Fall Healing Moon

9 degrees here on Shadow Mountain with snow blowing in the air. A bit unusual since snow most often comes straight down up here, like rain. The storm has underperformed for us, but it’s here and I like it. Black Mountain is gone, disappeared by the gray blue clouds.
Without going into details that shouldn’t be in writing yet, Jon is in trouble again. To say that this is bad timing colossally understates the case. Kate’s in a delicate moment of her recovery. The stakes this time, as they were last, are very high: custody of his kids, his job, his ability to pay his mortgage and therefore to keep his house. He and the kids were up here yesterday when he got a call from the Denver Police and had to return home.
Not sure what to do, not sure there’s anything I can or should do other than support him emotionally. I’m not making any assumptions about the situation, about his “guilt” or innocence. I don’t understand it very well and it’s intricately complicated. I do know that the implications are dire.

Spoke with Kate yesterday afternoon and her heartburn/nausea from a breakfast without ativan prior to eating has passed. She and her body are trying to figure out a new way to live together, to become healthy again. Not easy after the insults of the last couple of weeks. She’s determined, stubborn and this last trait will mostly serve her well right now.

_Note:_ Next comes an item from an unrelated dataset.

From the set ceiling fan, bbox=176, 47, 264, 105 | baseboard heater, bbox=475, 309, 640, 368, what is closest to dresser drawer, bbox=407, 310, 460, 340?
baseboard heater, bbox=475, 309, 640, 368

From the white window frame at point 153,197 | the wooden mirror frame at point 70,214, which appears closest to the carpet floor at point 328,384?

A mutual friend from CBE, Rick Levine, will bring a meal to Brookdale today at 4:30 p.m. I’m sure that’s well beyond whatever traffic difficulties the current storm will bring.
New snow tires, Blizzaks, purchased last month, sit in the garage still bound together from shipping. I mean, it’s mid-October! I’m not unhappy about that. It’s unlikely this presages the full on beginning of snow season. November, even late November, makes more sense as a time to have them installed. The reason I buy snow tires, even though good all-seasons would probably suffice in this milder winter climate, is that Kate and I are older drivers and need all the extra advantages we can get. I leave the lights on during the day for the same reason, that additional clue to others that we’re coming.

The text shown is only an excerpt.